BP — Como esses empresários e startups têm acesso à prefeitura, como funciona na prática?
Cris — A agência opera hoje o principal projeto de inovação da cidade de Curitiba, na gestão do prefeito Rafael Greca, que é o Vale do Pinhão. É um movimento para promover ações de cidade inteligente. Uma cidade inteligente é aquela que se desenvolve em torno do cidadão, que é o centro da transformação. Pensando em condições sociais e econômicas para essas pessoas, pensando em sustentabilidade para a cidade e também para os negócios. E dando mais eficiência nas operações. Transforma os serviços em mais práticos, fáceis e ágeis, dando eficiência nas operações. Com isso, o Vale do Pinhão tem cinco pilares estruturantes. Cada um tem uma gama de projetos que a gente oferece.

BP — Quais são os pilares de inovação?
Cris — O primeiro pilar é a Educação Empreendedora. É onde a gente consegue fazer a maior atuação diretamente com o cidadão de uma forma muito contínua, com uma série de cursos e eventos. Educação empreendedora que é para dar às pessoas, principalmente empresários, sejam de pequenas empresas MEIs (Microempreendedor Individual), startups, ou grandes empresas, a visão de futuro do empreendedorismo. Aí a gente tem, por exemplo, o Programa Bom Negócio Vale do Pinhão, que é uma jornada empreendedora; a gente tem a Empreendedora Curitibana, focado para empreendedorismo feminino; todos os cursos de capacitação nos espaços empreendedores nas ruas da cidadania, com espaço lá para atendimento de MEI e pequenas empresas, que além do atendimento prático do dia a dia dos MEIs, a gente tem cursos de capacitação; eventos dos mais diversos temas, segmentos e públicos – a gente faz em média 15 eventos por mês em Curitiba, seja no Engenho da Inovação, no Teatro Paiol, nas ruas da cidadania; uma base de relacionamento com o cidadão através de mecanismos digitais, de mail marketing, Whatsapp e redes sociais para atendimento. Então, a gente faz um cadastramento startups e ali a gente entrega serviços importantes para essas empresas e a conexão com o ecossistema de inovação da cidade. Todos esses são serviços embaixo do pilar Educação Empreendedora.
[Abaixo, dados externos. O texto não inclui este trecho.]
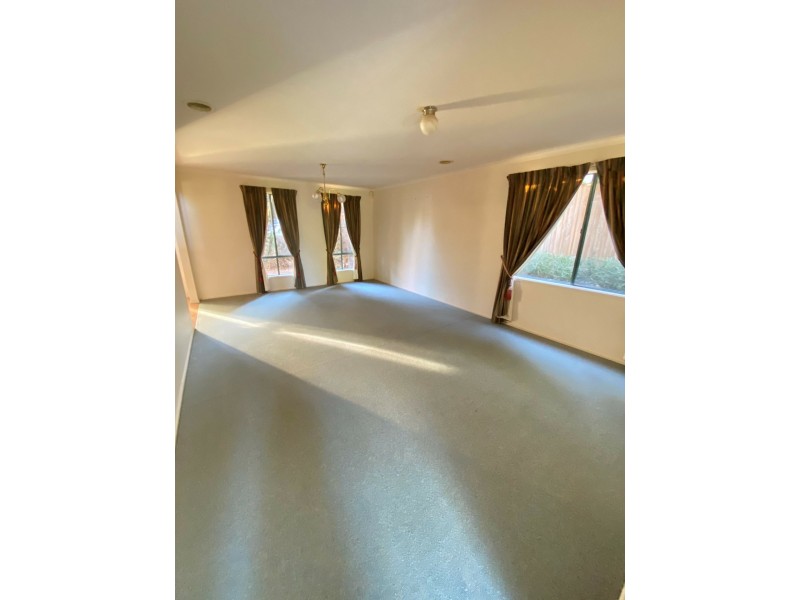 12 Lakeview Close, Hidden Valley VIC 3756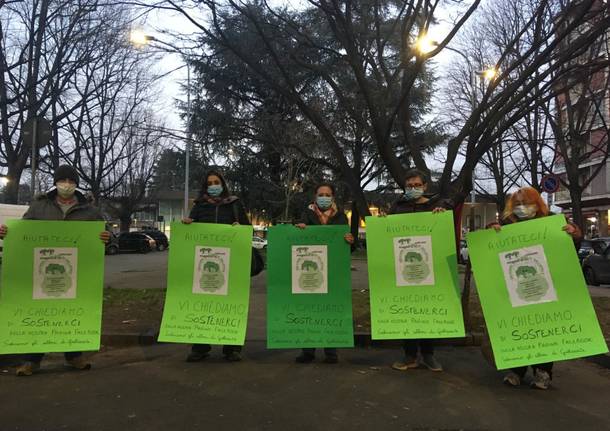 Protesta comitato piazza stazione Gallarate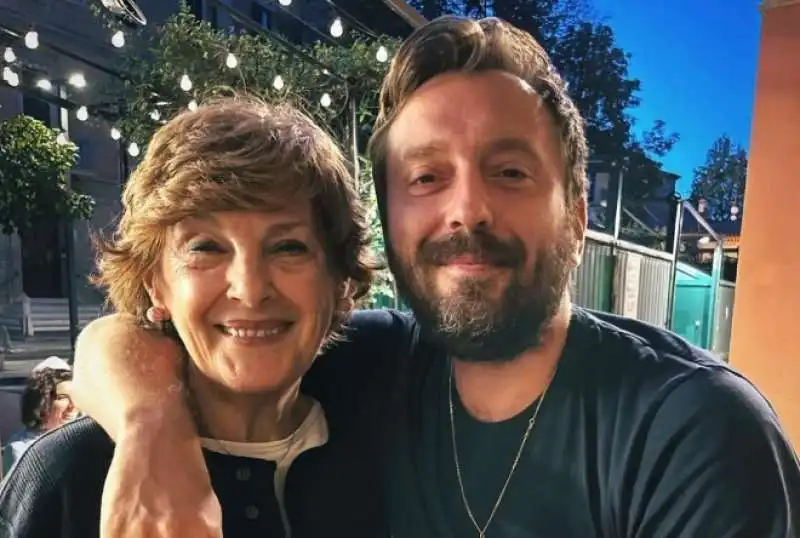 Cesare Cremonini con la madre Carla Caprara
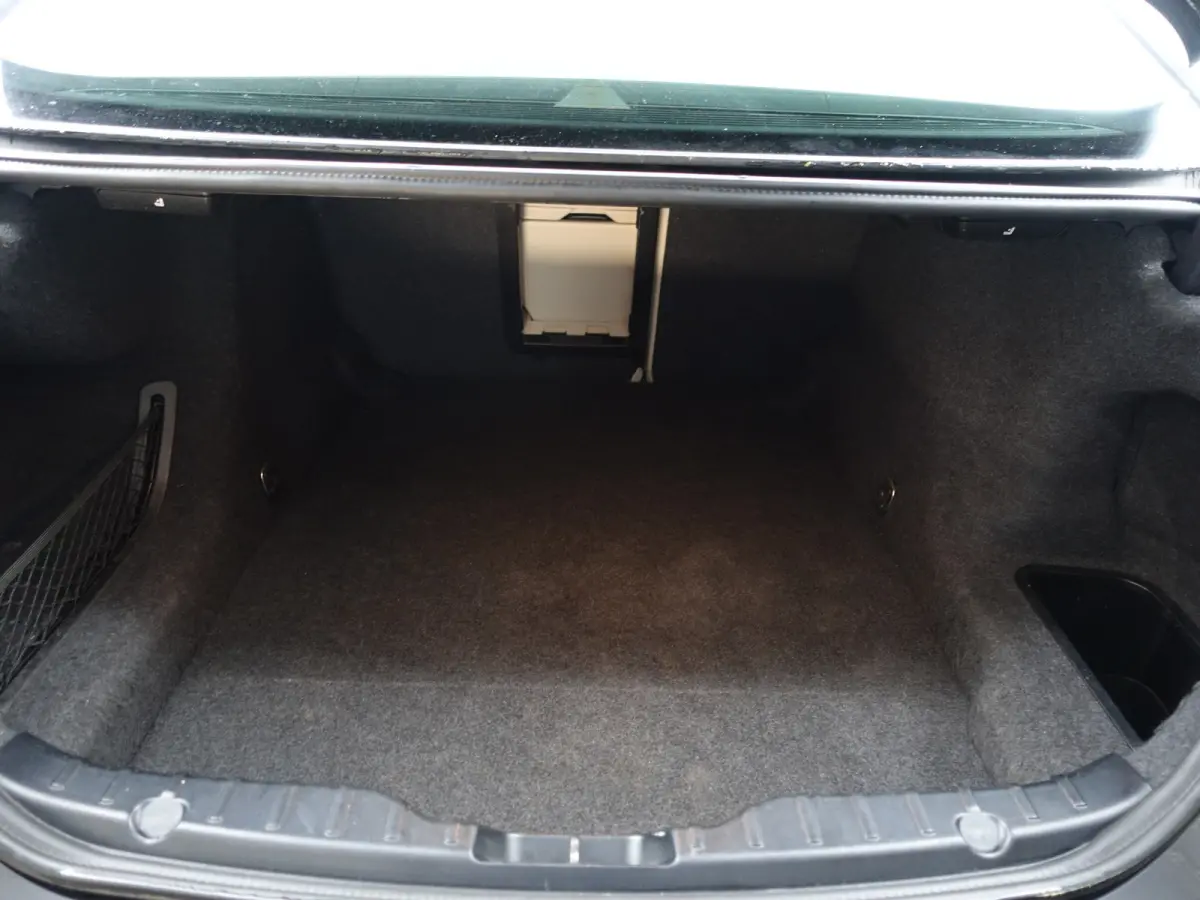 520i Luxury Edition Aut- Memory Seats, Xenon Led, Sfeerverlichting, Stoelverwarming, Dealeronderhouden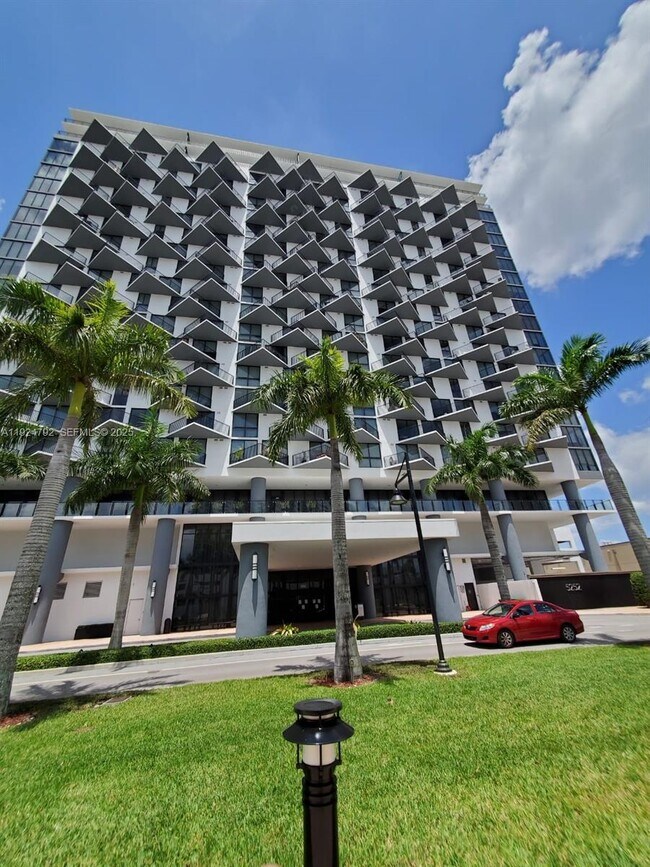 Building Photo - 5252 NW 85th Ave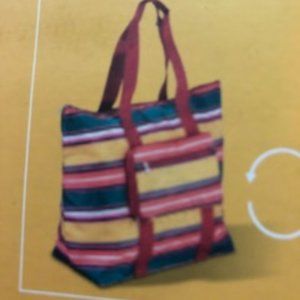 FOLDABLE TOTE BAG FOR TRAVEL OR SHOPPING NWT
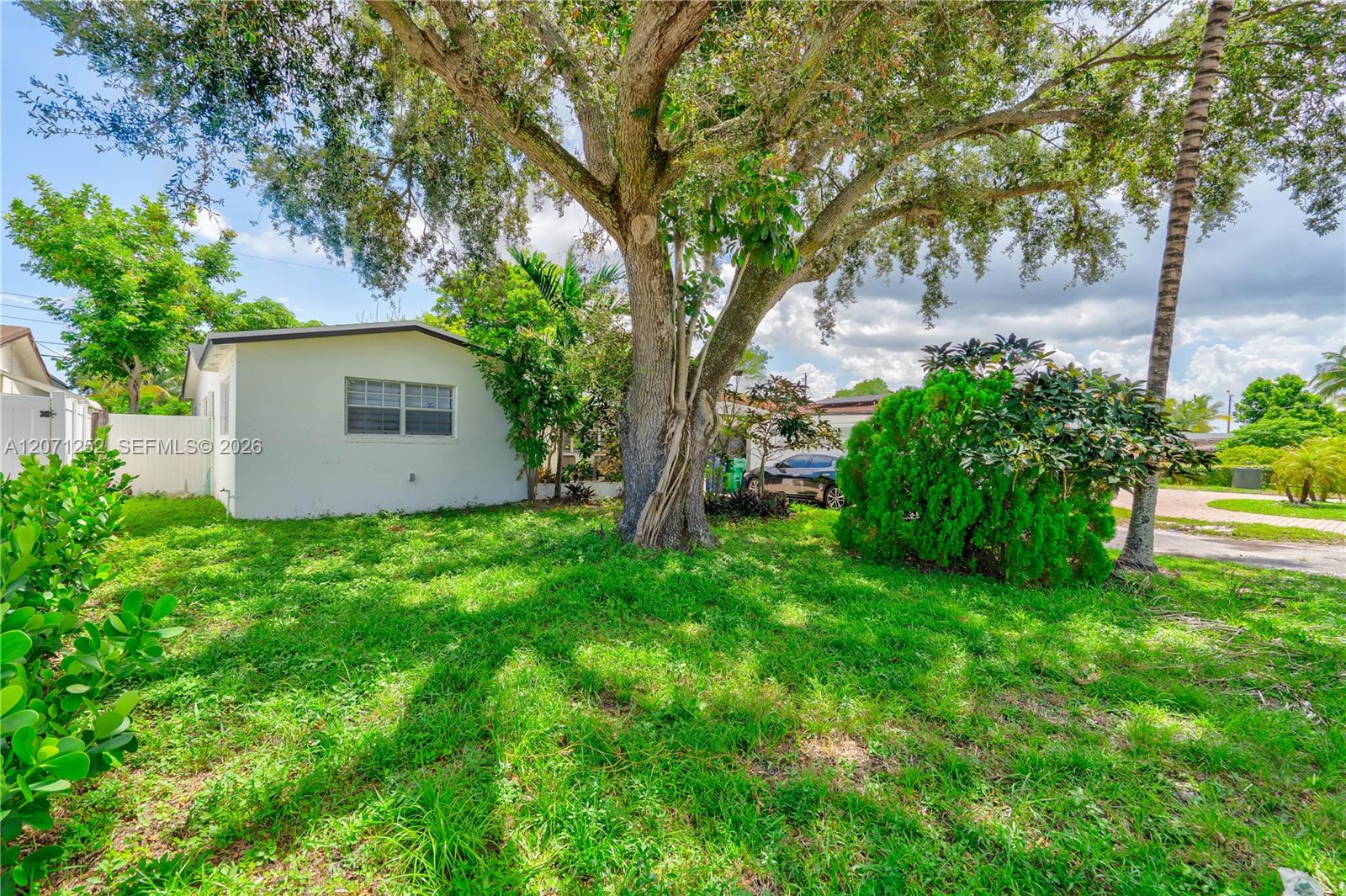 7636 Alhambra Boulevard Property Photo 2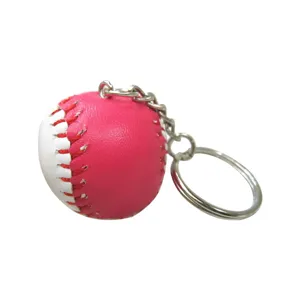 Gedetailleerd overzicht van een roze-witte honkbal sleutelhanger met zilveren ring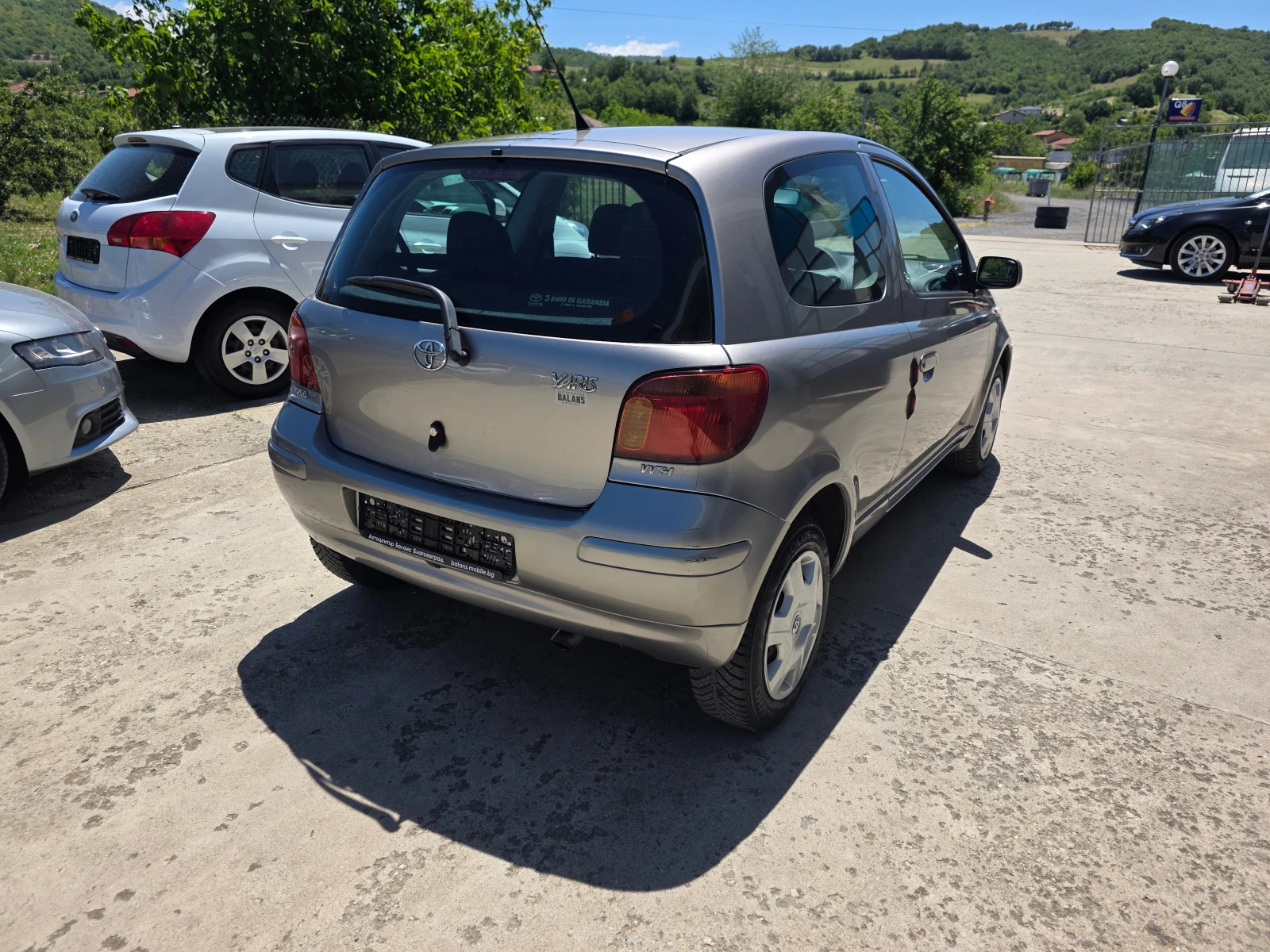 Toyota Yaris 1.0i 74000km!, снимка 7 - Автомобили и джипове - 54721771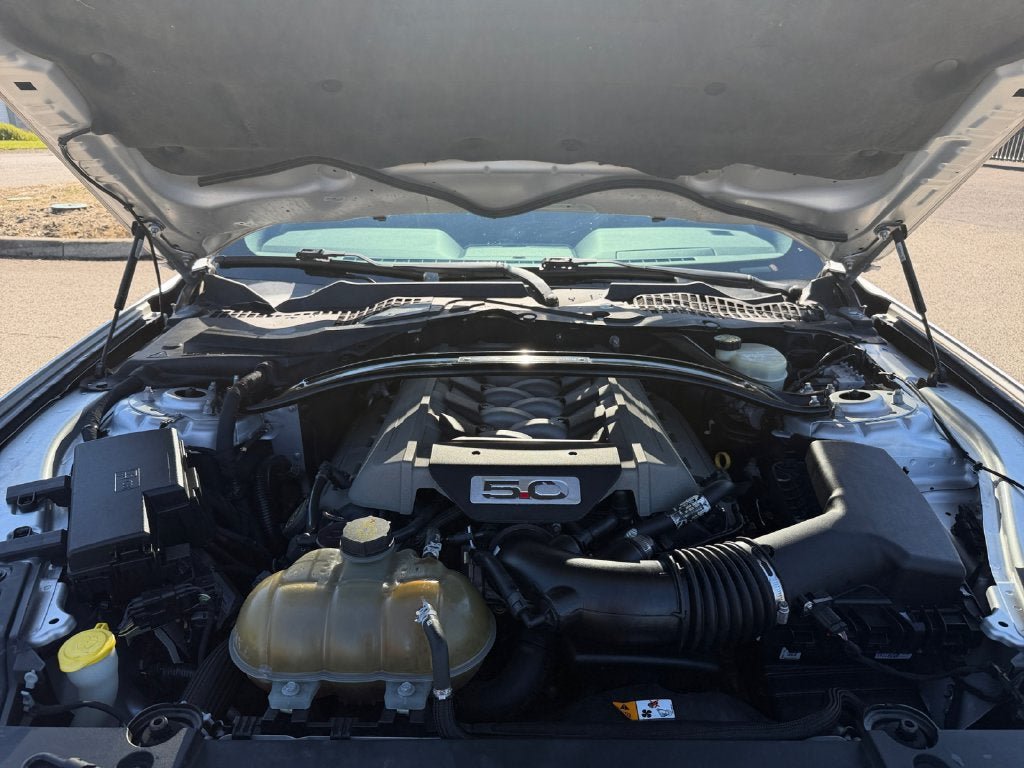 Used 2017 Ford Mustang GT Premium w/ Equipment Group 401A RWD image 30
BP – Qual o segundo pilar?
Cris – O segundo é a Reurbanização. Nesse caso a gente trabalha áreas da cidade que têm foco de atração de empresas. O grande objetivo nesse pilar é a ocupação de vazios urbanos com a economia criativa, com a nova economia. A gente tem nosso laboratório urbano, que é a região do Bairro Rebouças, Prado Velho e Centro Histórico, onde a gente tem um processo bastante específico de transformação urbana. O Rebouças foi o primeiro distrito industrial da cidade, muitas indústrias estavam ali e tem uma característica de muitos prédios e edifícios construídos para fábricas, mas que hoje não são utilizados, então acaba ficando um vazio naquela região que é muito estratégica para a cidade. Quando ainda era um plano de campanha do prefeito, o Vale do Pinhão tinha muito esse foco urbano, de reurbanização. Na medida em que o Vale do Pinhão foi entrando no Plano de Governo e a sociedade foi sendo ouvida a gente foi expandindo o conceito do Vale do Pinhão. Do laboratório, do Vale do Pinhão, de uma área específica, virou algo muito mais amplo que isso. A parte de reurbanização, então, virou um dos pilares. A reurbanização a gente trabalha primeiro com legislação. Tramita na Câmara Municipal a nova Lei de Zoneamento onde já contempla aquela região para uso misto do solo, para além de comércio possa ter moradias e outros tipos de atividades que façam a região ficar viva. A gente vê em outras partes do mundo que as cidades que se desenvolveram no entorno de áreas de empreendedorismo e das novas formas de empreender, principalmente das startups, precisam que a universidade, a moradia, a indústria e comércio estejam próximos. E é isso que a gente tenta fazer nessa região. O edital técnico prevê transformar o local em um grande centro de inovação. Mas nossa ação ali é de incentivo dos donos prédios e áreas do entorno que façam isso também. E a gente ajuda nessas conexões. Um exemplo disso é o Cria, uma edificação de uma iniciativa privada que cria ali onde era a Ceras Canário, na frente da Sanepar, um espaço de convivência de empresas, um coworking, um centro de gastronomia, de eventos. Possibilitar esse tipo de projeto e incentivar que os empresários façam isso na região é um dos pontos importantes.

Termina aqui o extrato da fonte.